Decided yesterday I wanted to hunt this am so I contacted my friend Marty and he was game. We met at 7 and I had plans to check 4 specific areas today. Our first stop was a bust too much water and no fresh sign(it rained last night) so onto spot #2.  We get on fresh sign and split up. Marty sees a lone sow and I get on a good group 6-8 at 30 yds w lots of cover between us and one loner out in the open at 40. Well the loner pins me down and off they go. I took this one picture in this area...


off to spot #3.

Again we split up and Im on fresh sign immediately. I force myself to hunt slower than normal for me cause its thick and I know I can pass by em if not careful. I see them up ahead and close into 18yds of 2. Im almost ready for a shot when I glimpse 2 more to my left and on the border of my wind 25 yds away.
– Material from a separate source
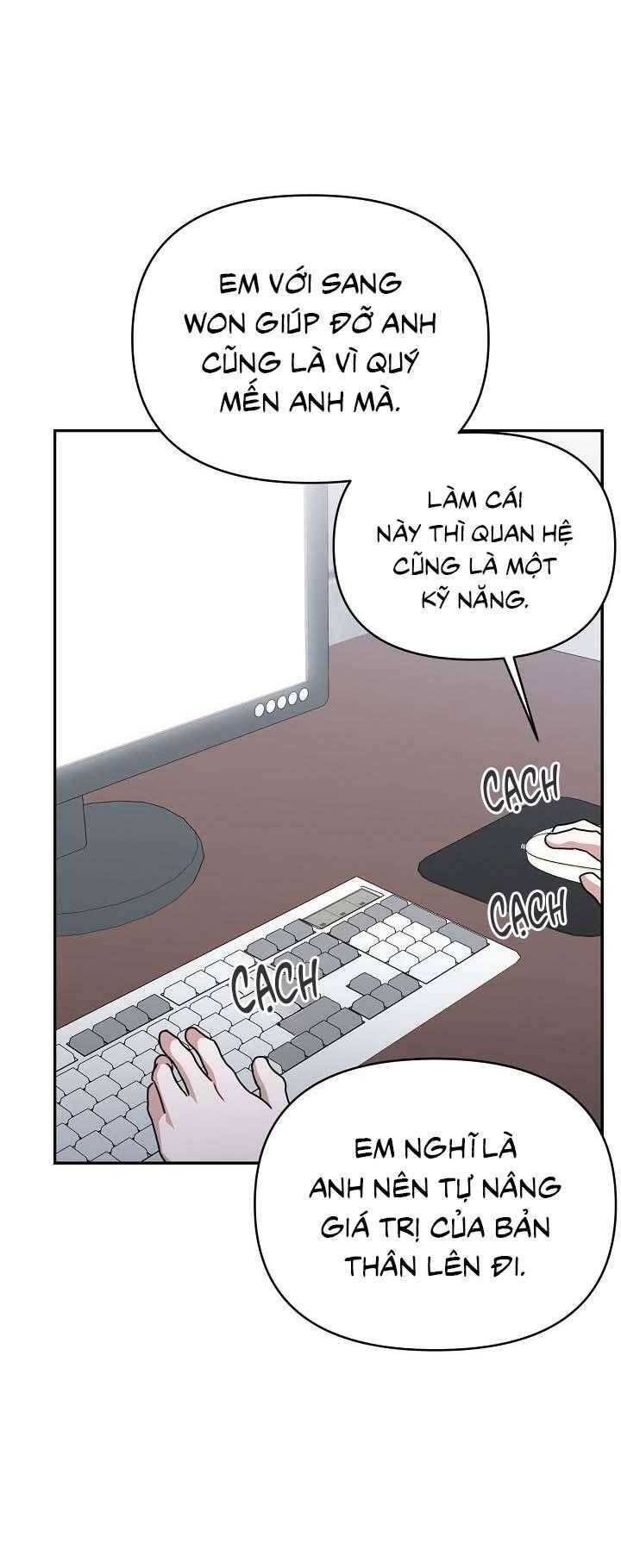 Khu Vực Chủ Nghĩa Tình Yêu Chapter 65 - 15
I have no choice but to back off and swing towards those two. The short of it I get winded anyways and they all run off upwind of me. I never hear them in the water so all along Im thinking they slowed back down went to feeding so I just ease on forward....
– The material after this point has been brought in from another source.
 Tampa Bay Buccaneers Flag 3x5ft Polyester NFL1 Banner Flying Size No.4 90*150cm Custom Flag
A couple hundred yards ahead I have a sow get up in front of me at 30yds w a bunch of footballs strolling along w her. I grab a Sawtooth special w a Bear razorhead attached and get to stalking. My plan all along has been to try to shoot a pig 50# or less w a stone point and she was over 100#. As Im stalking her another pig comes into the picture.....It appears she is trying to skirt the big sow and is headed right to me.....


----------



## SELFBOW (Jun 8, 2014)

So here I am w a wooden arrow and a razorhead on my selfbow w a pig at 10yds. I draw and release and I miss! I shot short and now the crazy part of this story happens.
The little sow continues to walk towards me on the other side of the palmettos and the tree Im standing behind. I grab a stone tipped rivercane arrow I made and at 4 yds I get a perfect shot. Its hard to explain the feeling I had seeing that arrow sticking out of the pigs side as she stumbled 15 yds and stopped. I knew it was a great shot looked like offside bone stopped it. It was hard to control the excitement I wanted to shoot again but didn't want to ruin the primitive kill so I held off and as she started to walk off I caught up to her and ended it.
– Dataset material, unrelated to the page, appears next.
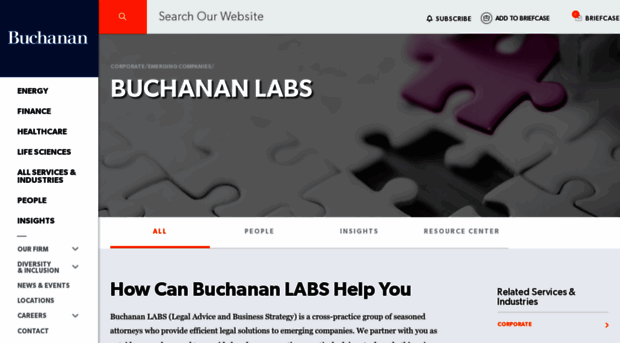 buchanan-labs.com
Some of the short trail pictures.


----------



## tee p (Jun 8, 2014)

Awesome!!!!!!!


----------



## SELFBOW (Jun 8, 2014)

Once I had her on the ground I already knew what I was gonna do. I had been planning it for some time.
First I called Mark Willingham, my friend who Ive shared numerous hunts with over the years including my Bear in NGA in 2011. I thanked him first off for his post in 2007 of a Blackbeard Island hunt. That hunt is what caught my eye and sparked an interest in traditional archery. We had a good quick chat.
#2 I called Al Chapman and thanked him for everything he does for everyone. On my first trad hunt Al helped me w my setup and Ive enjoyed many a good time w him.
#3 I called Marty even though he wasn't far away and thanked him for all his help over the years(He is where I got "Sweet Pea" and we know how good she is)
#4 I called Dan Beckwith and thanked him for persuading me to shoot primitive class at TBG shoots. That simple gesture caused a whirlwind of events and started my Bold Prediction in 2012 to learn everything needed to make this a reality. A fourth great phone call.

There really is TOO many people to thank along the way, everyone has played a part even if its just from shooting 3D w me, telling stories, etc...There is no way I could have accomplished this goal all alone.

Its been a journey to get here and one awesome ride along the way.....

I thank you all!






The shot was near perfect!


Let me add one more thing. Doing this doesn't make me feel like Im in an elite group either. I just joined the largest group of bowhunters in history. Primitive man....


----------



## Nicodemus (Jun 8, 2014)

Congratulations to you, Martin. This a tremendous accomplishment, done with true archery equipment. You have every right to be proud, and I`m proud for you. A well knapped chert point on a rivercane arrow is a deadly combination.


----------



## Munkywrench (Jun 8, 2014)

This is one of the best threads I've read in a while Martin. You set out with a goal and in just two years you have accomplished it. I would love to one day be able to accomplish such a task. 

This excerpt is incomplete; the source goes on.